Bounded Error in Rationale for Termination Handler indicates more is needed to achieve the goal

joshua-c-fletcher commented 10 months ago

The package Ada.Task_Termination was introduced in Ada 2005, according to the Rationale, to address "the problem of how tasks can have a silent death in Ada 95."

The example use case in the Ada 2005 Rationale illustrates how a Termination_Handler can be used to log about the cause of termination for a task: https://www.adaic.org/resources/add_content/standards/05rat/html/Rat-5-2.html

Notably, however, File IO consists of potentially blocking operations. It was explicit in Ada 2012 (and earlier): LRM 9.5.1 18: "the subprograms of the language-defined input-output packages that manipulate files (implicitly or explicitly) are potentially blocking." In Ada 2022, the wording has changed to rely on the Nonblocking aspect, but File IO is still recognized by the language as a potentially blocking operation, and using it in a protected subprogram is a Bounded Error: a condition eligible for raising a Program_Error, if detected.

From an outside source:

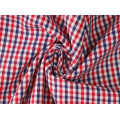 Red/Navy Checks Twill 60 Cotton 40 Polyester Fabric Shirting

The example Put_Log procedures in the Rationale are not described, so it is possible they are nonblocking calls, but I'm not sure of a realistic scenario that achieves the goal logging without making a blocking call at some point:

For example Put_Log could add the strings to a Queue, and a separate task could pull the strings off of the queue to "log" them (by writing to a file, or sending them of some other logging service, etc... all things that likely have to involve a potentially blocking call) Such an approach could do the logging in another task, as long as it isn't that (logging) task that is terminating, and as long as it isn't the Environment task that is terminating.

But what about setting a termination handler for the main Environment task?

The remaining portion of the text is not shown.